The role of small solute clearance on mortalities in patients with CAPD has been controversial. We therefore conducted a study with 3 years' follow up in adult patients who participated in the CAPD-first policy.

Methods

There were 11,523 patients with end-stage renal disease who participated in the CAPD-first policy between 2008 and 2011. Among them, 1,177 patients were included in the retrospective cohort study. A receiver operating characteristic curve was applied to calibrate the cutoffs of tKt/V, rKt/V and tCrcl. Kaplan-Meier and Cox-regression models with time varying covariates were applied to estimate overall death rate, probability of death and prognosis, respectively.

Results

The cutoffs of rKt/V and tKt/V were 0.25 and 1.75, respectively. The Cox regression suggested that the higher these clearance parameters, the lower the risks of death after adjusting for covariables. The risks of death for those above these cutoffs were 57% (HR = 0.43, 95% CI: 0.31, 0.60) and 29% (HR = 0.71, 95% CI: 0.52, 0.98) lower for rKt/V and tKt/V, respectively. Age, serum albumin, hemoglobin, systolic blood pressure, and ultra-filtration volume significantly affected the mortality outcome.

Conclusions

Our study suggested that the cutoffs of 0.25 and 1.75 for rKt/V and tKt/V might be associated with mortality in CAPD patients. A minimum tKt/V of 1.75 should be targeted, but increased dialysis dosage to achieve tKt/V > 2.19 adds no further benefit. Serum albumin, hemoglobin, SBP, and UF volume are also associated with mortality. However, our study may face with selection and other unobserved confounders, so further randomized controlled trials are required to confirm these cutoffs.

Peer Review reports

Background

The global burden of end-stage kidney disease (ESRD) is increasing rapidly [13] with a prevalence of 0.2% in the USA, and 0.3% in Thailand respectively [4, 5]. Renal replacement therapy (i.e., renal transplantation or dialysis) is required for ESRD patients, and 2 modalities, hemo-dialysis and continuous ambulatory peritoneal dialysis (CAPD), have been widely used. The numbers of patients on CAPD has been growing rapidly in Asian countries, representing about 80% of dialysis patients in Hong Kong, and 50% in Thailand in 2011. A health care reform scheme for all Thai citizens, called the “Universal Coverage” scheme (UC) was first initiated in 2002, and it has covered renal replacement therapy for CAPD-first treatment since 2008. The usage of four 2-L daily exchanges with double-bag disconnected systems has been a standard CAPD regime in Thailand.

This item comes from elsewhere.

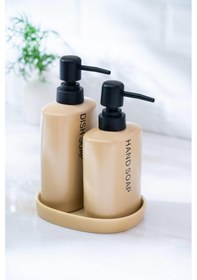 Resim Acar Jardin 3 Lü Banyo Seti - Krem Krem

Adequacy targets for CAPD are primarily based on the weekly clearances of urea (Kt/V) or creatinine (Crcl) which are expressed as renal Kt/V (rKt/V), peritoneal Kt/V (pKt/V), total Kt/V (tKt/V); or renal Crcl (rCrcl), peritoneal Crcl (pCrcl), and total Crcl (tCrcl) respectively. The effect of rKt/V on survival in CAPD patients has been well-documented [614], but the roles of pKt/V, tKt/V and tCrcl are controversial. Some studies [9, 15] found that higher pKt/V and/or tKt/V were associated with longer survival times, whereas some observational studies [68, 1012] and randomized controlled trials [13, 14] did not find such associations. Many factors may affect these outcomes, such as dialysis dosage, residual renal function, power of test, cutoff threshold used, and follow-up period.

We therefore conducted a cohort study with 3 years’ follow up to answer the following research questions: Can tKt/V, rKt/V, and tCrcl significantly predict disease prognosis in CAPD patients? If so, what are the cutoffs that can be used to predict patients’ outcomes?

Methods

Setting & participants

This cohort study covered patients receiving four 2-L CAPD exchanges at 82 general hospitals, belonging to the Ministry of Public Health, Thailand. Data from the National Health Security Office (NHSO) were retrieved between January 2008 and April 2011. The study was approved by the Ramathibodi Hospital Ethical Committees.

Patients aged 15 years or older were eligible if they met the following criteria: Firstly initiated CAPD and participated in the CAPD first-policy from January 2008 to April 2011, survived more than 1 month after initiating CAPD, and had at least 1tKt/V during the studied period.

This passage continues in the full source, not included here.